Doktor Sevim ile ilgili bu betimlemeden yola çıkarak, onun insanlara sürekli olarak hükmederek onların üzerinde çekince ve saygı duyma gibi etkiler bırakmak istediği görülmektedir. Böylelikle çocukluk ve gençlik yıllarında, etrafındakilerden görmediği saygıyı elde edebilmiştir. Öyle ki, aşağıdaki alıntıda da görülebileceği gibi, Doktor Sevim iş yaşantısında da olaylara, hayatında karşılaştığı zorluklarda davrandığı gibi, hükmeder bir üslup ile yaklaşmaktadır: “Hekimliği bir yana, hükmetmeyi seven bir kadın olarak, hastalığı derhal denetim altına alamayışından rahatsız oluyor, ne yapıp yapıp gücünü göstermek, iradesini hastalığa kabul ettirmek istiyordu.” (İlhan, 2005: 56)

Nesnel gerçeklikte de, insanların belirli davranışlarının, kişiliklerine egemen olmasının altında mutlaka bir veya birden fazla neden yatabileceği gibi, Doktor Sevim’in de, aşağıda görülebileceği gibi ve alıntılarla desteklendiği gibi, davranışlarının altında geçmişe dayanan etmenler bulunmaktadır. Bu etmenlerin “geriye dönüş” ve “iç monolog” anlatım teknikleriyle yansıtılması, Doktor Sevim’in içinde verdiği savaşın, fırtınalı gelgitlerin ve duygu durumunun anlaşılmasını ve Doktor Sevim’in roman boyunca yarattığı soğuk, baskıcı ve çekinilecek profilin çizme nedeninin anlaşılmasına olanak sağlamıştır.

Bu etmenlerden biri ailedir. Sağlam bir aile yapısına sahip olmayan Doktor Sevim, bu nedenle insanlara güvenmeyi bilmeyen bir kişiliğe sahiptir.
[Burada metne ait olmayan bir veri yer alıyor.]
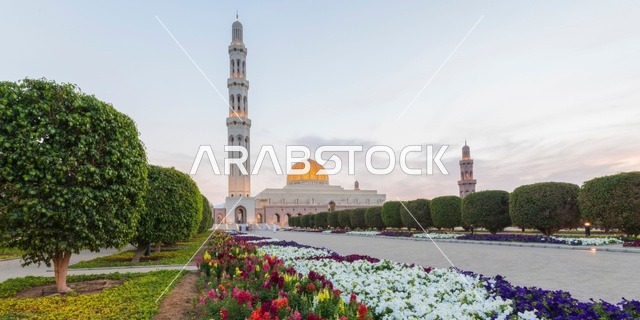 الفن الهندسي المعماري للمساجد على الطراز الإسلامي، زراعة الأشجار والنباتات في محيط جامع السلطان قابوس الأكبر في مسقط، العبادة والتقرب إلى الله تعالى، الأماكن والمعالم الإسلامية الدينية المشهورة في سلطنة عمان، دعوة المسلمين إلى أداء الصلاة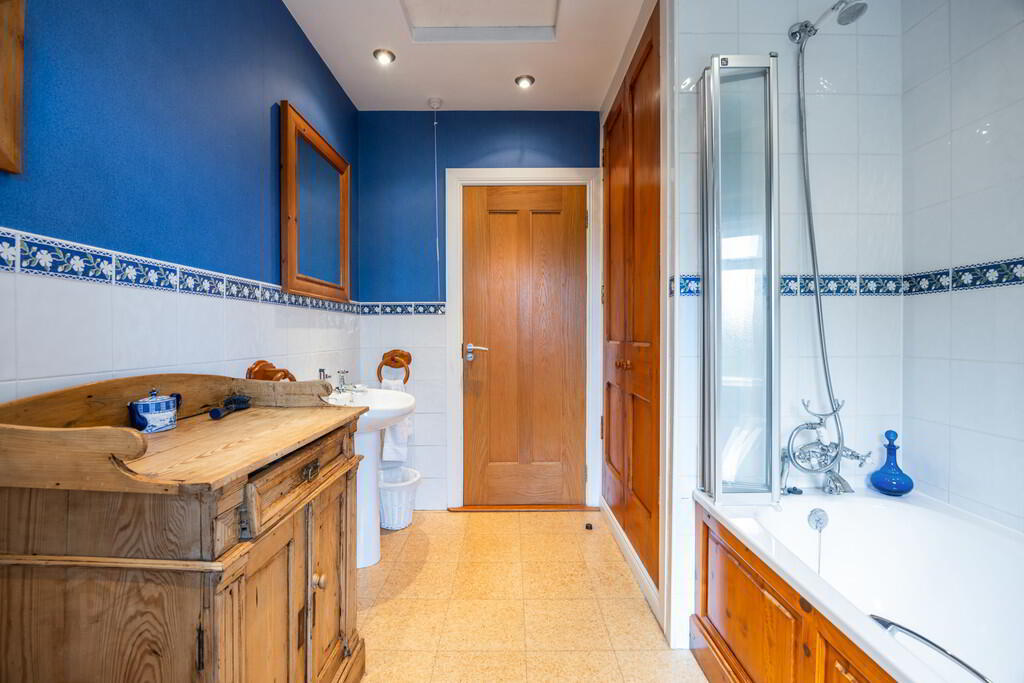 14 Pinehill Road 24 of 39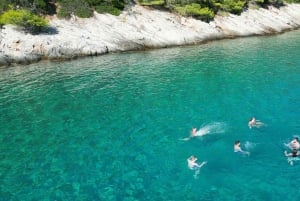 From Makarska:Hvar and Brač Island : Day Tour with speedboat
Aynı zamanda üvey babası Yenibahçeli Rıza Muhiddin’in, ona yaşattığı zulüm ve dayatmalar nedeniyle Doktor Sevim kendi yaşadıklarının intikamını almak istercesine diğer insanlar üzerinde baskı kurma ve hükmetme yoluna gitmiştir. Bu nedenle Rıza Muhiddin, Doktor Sevim’in kişilik oluşumunda etkili olan bir

(8)

figür olmuştur. Yapıtta, Rıza Muhiddin’in, Doktor Sevim’e yaşattığı ruhsal ve fiziksel şiddet yapıtta şu şekilde verilmiştir:

“Sevim önceleri, ama çok önceleri, çocukluğun verdiği bir hafiflikle bunu eğlenceli bir oyun diye alır: dal gibi boyuyla dakikasında ortaya fırlayıp, iki çalkalayıp bir dökerek, üvey babasının gönlünü eder, bu arada kendi de gülmekten kırılırdı. Git gide, ağrına gitmeye başladı yaptığı, ağırdan aldı, nazlandı; o ağırdan aldıkça, işi naza döktükçe üvey babasının ısrarı ve inadı büyüyordu. Nihayet öyle bir yere ulaştılar ki, ya hiç kalkmadığı ya da kalkmasıyla oturması bir olduğu için, Sevim hemen her gece sille tokat adamakıllı dayak yiyor; her yanı çürük içinde, başı uğuldar, vücudu sızım sızım, ama gönlünde tanımlaması müşkül bir hazla yatağına yamyassı seriliyordu.” (İlhan, 2005: 449)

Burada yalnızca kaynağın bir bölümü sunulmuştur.